The pair’s two-month voyage was Nasa’s first crewed mission from home soil in nine years. The Crew Dragon capsule was built and run by SpaceX, the private rocket company started by Elon Musk.
Mr Behnken and Mr Hurley left the International Space Station on Saturday and landed in the waves off Florida’s Pensacola coast on schedule at 2.48pm ET following a 21-hour journey aboard Crew Dragon Endeavor.
The successful splashdown was a final key test of whether Mr Musk’s spacecraft can transport astronauts to and from orbit – a feat no private company has ever accomplished before. “On behalf of the SpaceX and Nasa teams, welcome back to planet Earth.

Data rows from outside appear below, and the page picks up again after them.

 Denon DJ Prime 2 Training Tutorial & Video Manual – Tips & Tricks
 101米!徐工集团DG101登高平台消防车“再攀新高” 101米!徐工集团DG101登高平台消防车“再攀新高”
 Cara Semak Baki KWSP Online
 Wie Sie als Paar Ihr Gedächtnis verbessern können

Thanks for flying SpaceX,” SpaceX mission control said upon splashdown.
For the return sequence, on-board thrusters and two sets of parachutes worked autonomously to slow the acorn-shaped capsule, bringing Mr Behnken and Mr Hurley’s speed of about 28,000km/h in orbit down to 563km/h upon atmospheric re-entry, and eventually 24km/h at splashdown.
During re-entry to Earth’s atmosphere, the capsule’s outer shell withstood temperatures as high as 1,927 degrees Celsius, while Mr Behnken and Mr Hurley, wearing SpaceX’s white flight suits strapped inside the cabin, experienced 29 degrees.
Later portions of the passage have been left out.